### Supplied data
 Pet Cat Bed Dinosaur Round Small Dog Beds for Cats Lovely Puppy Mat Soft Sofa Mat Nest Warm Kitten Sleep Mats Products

...

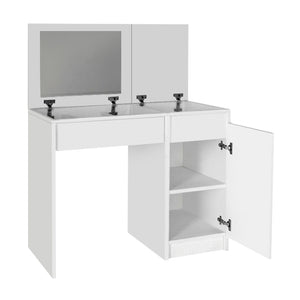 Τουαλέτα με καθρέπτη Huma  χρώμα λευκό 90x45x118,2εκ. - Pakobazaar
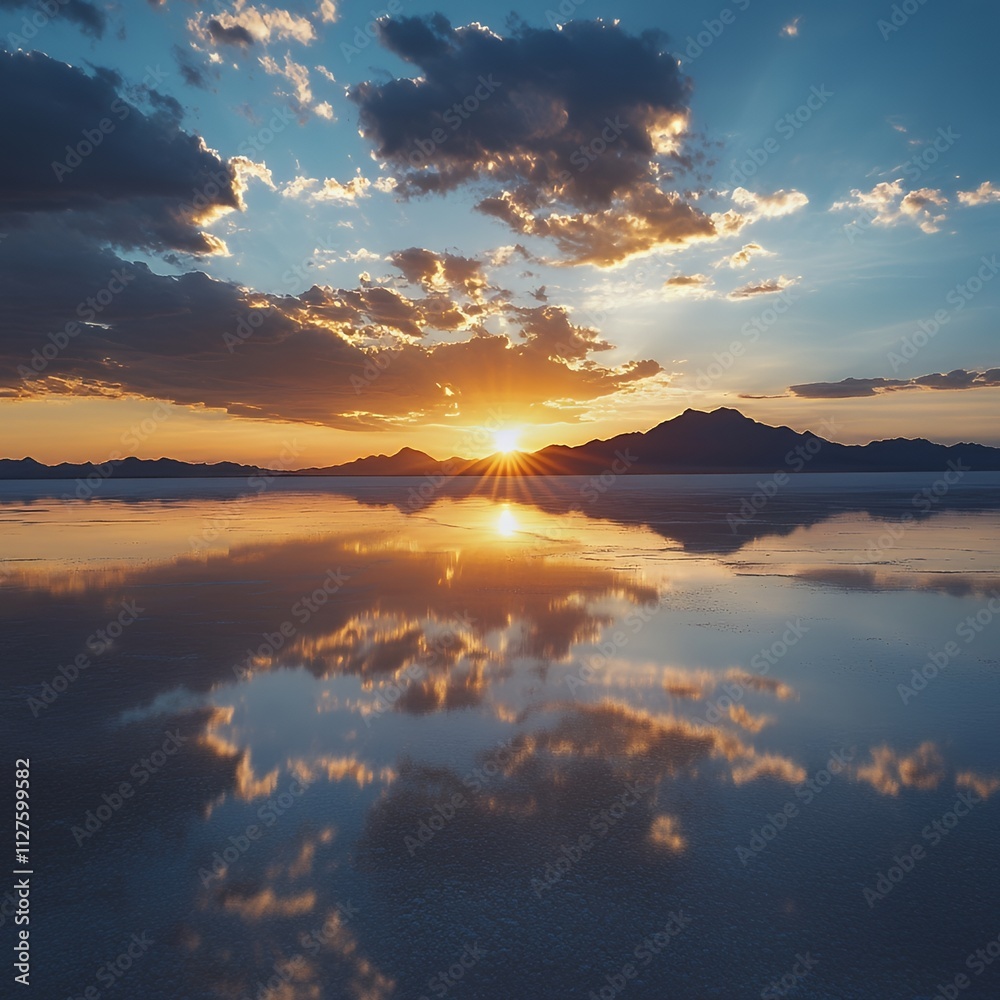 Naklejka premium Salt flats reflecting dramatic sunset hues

### Task description
Starting at the line with "Τουαλέτα με καθρέπτη" and finishing at the line with "Naklejka premium Salt", copy the material above exactly, both lines included. Nothing else goes in, and no pictures.

### Solved exercise
 Τουαλέτα με καθρέπτη Huma  χρώμα λευκό 90x45x118,2εκ. - Pakobazaar
 Naklejka premium Salt flats reflecting dramatic sunset hues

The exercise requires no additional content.